• Ancora un balletto di cifre: non si sa quanti e quali inquinanti

    ANALISI. Da 400 a 600 tonnellate di idrocarburi: il sottosegretario Menia parla alla Camera di quantità variabili, mentre non si conosce con esattezza la composizione della macchia. Un’unica certezza: si è trattato di un’azione di sabotaggio.

    «E’ una vera catastrofe e non solo ambientale quella che si sta prospettando per il Po». Le cifre dello sversamento si rincorrono ancora nella serata di ieri, ma il giudizio di Attilio Rinaldi, responsabile del progetto oceanografico Daphne che monitora la situazione dell’Adriatico, è netto. «Che ancora le cifre ballino sembra strano», dice Rinaldi ancora prima che il sottosegretario Roberto Menia parli nel pomeriggio alla Camera di una enorme quantità di idrocarburi rilasciati per un atto doloso (su questo il governo non ha oggi dubbi): da 400 a 600 tonnellate.

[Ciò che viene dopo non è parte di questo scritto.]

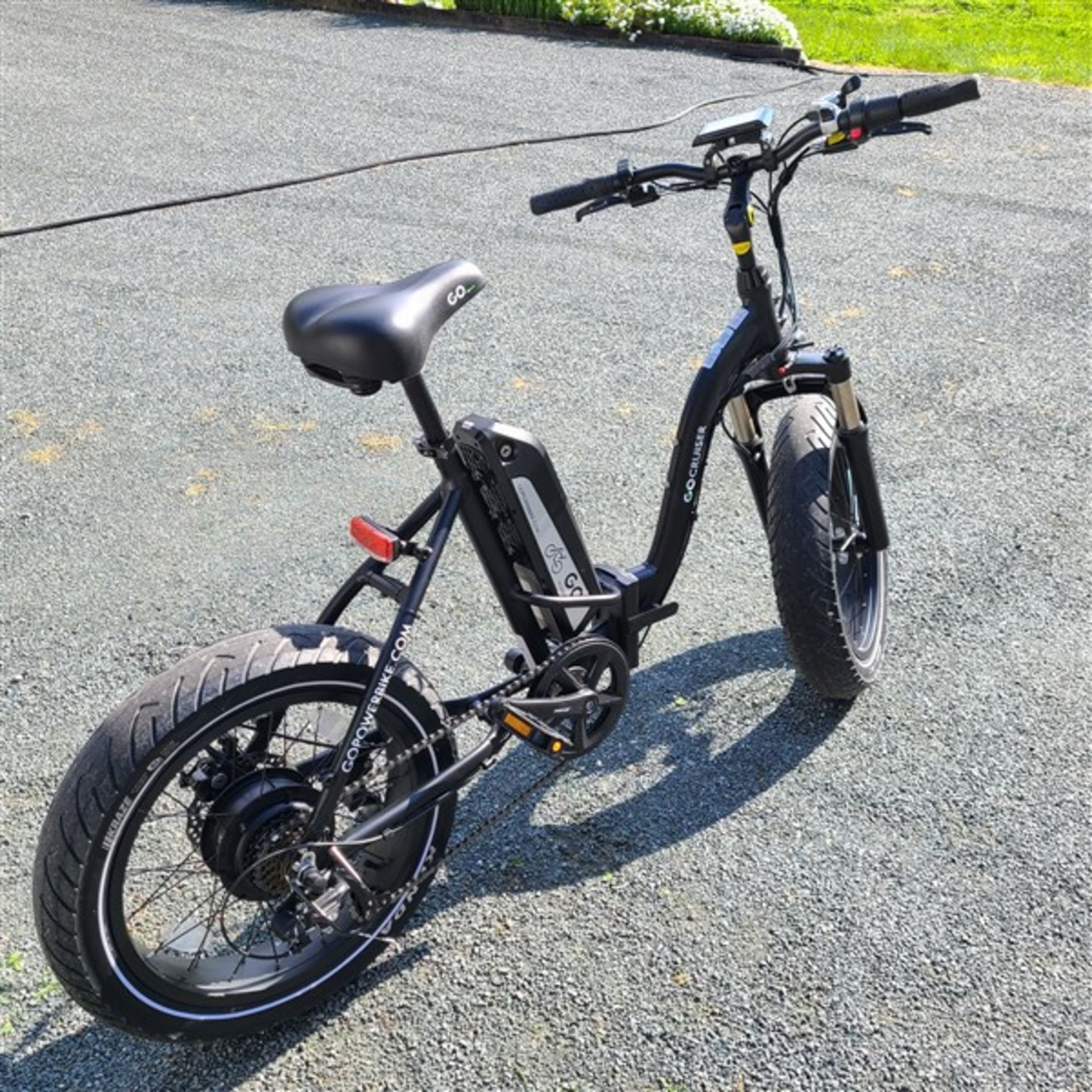 GO CRUISER ELEC. BIKE/FOLDING - AS NEW, COMPLETE WITH MANUALS & CHARGERS. COST TODAY $1499 US DOLLAR - Image 2 of 9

    «Su quello che succederà in mare ancora non abbiamo nessuna certezza: lunedì saremo alle bocche del Po per vedere quello che arriva. Ho comunque la sensazione che il fiume si sacrificherà per l’Adriatico. Una buona parte del materiale rimarrà nelle acque dolci, sulle sponde, nelle sabbie di fondo, nei canneti, i quell’intrico di canali che è la foce. È senz’altro l’evento più devastante per il Po a partire dalla Seconda guerra mondiale”. A preoccupare Rinaldi è anche il particolare momento in cui è avvenuto l’incidente del Lambro. «Stiamo andando verso la primavera, il periodo in cui è maggiore l’attività riproduttiva. Inquinamenti di questo genere impattano enormemente sugli stadi giovanili degli organismi, sulle uova, sulle larve di pesci, molluschi e crostacei. Gli adulti – spiega l’esperto- hanno la capacità di spostarsi, gli stadi giovanili di molti organismi non hanno le stesse capacità di difesa».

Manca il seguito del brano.